(Exercise inputs begins)
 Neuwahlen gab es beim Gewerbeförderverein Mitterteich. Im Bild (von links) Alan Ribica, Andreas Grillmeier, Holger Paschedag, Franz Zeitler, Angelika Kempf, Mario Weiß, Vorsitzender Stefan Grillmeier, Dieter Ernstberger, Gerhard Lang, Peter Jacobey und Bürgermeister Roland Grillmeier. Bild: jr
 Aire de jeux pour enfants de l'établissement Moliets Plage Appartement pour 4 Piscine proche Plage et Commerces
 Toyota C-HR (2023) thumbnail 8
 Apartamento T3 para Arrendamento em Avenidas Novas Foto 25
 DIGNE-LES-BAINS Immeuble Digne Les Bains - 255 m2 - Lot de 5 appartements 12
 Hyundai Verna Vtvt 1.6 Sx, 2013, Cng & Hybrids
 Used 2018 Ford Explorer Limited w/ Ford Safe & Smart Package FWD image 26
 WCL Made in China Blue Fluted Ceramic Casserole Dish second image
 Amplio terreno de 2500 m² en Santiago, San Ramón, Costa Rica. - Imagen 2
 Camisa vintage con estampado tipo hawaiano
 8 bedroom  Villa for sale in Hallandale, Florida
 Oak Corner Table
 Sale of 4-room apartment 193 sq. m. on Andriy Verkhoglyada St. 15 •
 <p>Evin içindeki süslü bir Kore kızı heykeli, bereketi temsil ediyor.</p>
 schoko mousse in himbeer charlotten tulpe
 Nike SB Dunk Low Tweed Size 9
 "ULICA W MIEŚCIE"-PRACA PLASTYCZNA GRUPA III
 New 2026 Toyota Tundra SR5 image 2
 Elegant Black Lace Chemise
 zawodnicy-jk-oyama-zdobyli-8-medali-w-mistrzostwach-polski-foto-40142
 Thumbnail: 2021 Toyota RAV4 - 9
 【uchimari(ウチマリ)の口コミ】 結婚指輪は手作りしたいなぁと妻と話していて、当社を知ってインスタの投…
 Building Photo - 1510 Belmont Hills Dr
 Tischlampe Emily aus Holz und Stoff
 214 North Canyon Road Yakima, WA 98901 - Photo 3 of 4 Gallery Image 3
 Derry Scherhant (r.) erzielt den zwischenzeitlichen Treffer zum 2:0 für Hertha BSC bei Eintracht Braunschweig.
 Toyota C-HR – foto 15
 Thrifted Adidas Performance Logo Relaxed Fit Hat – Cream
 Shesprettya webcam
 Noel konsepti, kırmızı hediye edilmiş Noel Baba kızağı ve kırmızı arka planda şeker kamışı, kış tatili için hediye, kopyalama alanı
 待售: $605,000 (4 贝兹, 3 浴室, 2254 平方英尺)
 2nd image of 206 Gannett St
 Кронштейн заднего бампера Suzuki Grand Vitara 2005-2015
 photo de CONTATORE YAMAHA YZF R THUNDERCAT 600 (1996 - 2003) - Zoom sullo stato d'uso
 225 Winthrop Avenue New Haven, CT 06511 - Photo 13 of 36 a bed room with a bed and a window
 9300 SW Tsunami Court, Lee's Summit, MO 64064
(Exercise inputs ends)
- What the task asks
Write out the records above exactly, from the opening line to the line with "Apartamento T3 para", including both, with nothing added.

- Answer to the exercise
 Neuwahlen gab es beim Gewerbeförderverein Mitterteich. Im Bild (von links) Alan Ribica, Andreas Grillmeier, Holger Paschedag, Franz Zeitler, Angelika Kempf, Mario Weiß, Vorsitzender Stefan Grillmeier, Dieter Ernstberger, Gerhard Lang, Peter Jacobey und Bürgermeister Roland Grillmeier. Bild: jr
 Aire de jeux pour enfants de l'établissement Moliets Plage Appartement pour 4 Piscine proche Plage et Commerces
 Toyota C-HR (2023) thumbnail 8
 Apartamento T3 para Arrendamento em Avenidas Novas Foto 25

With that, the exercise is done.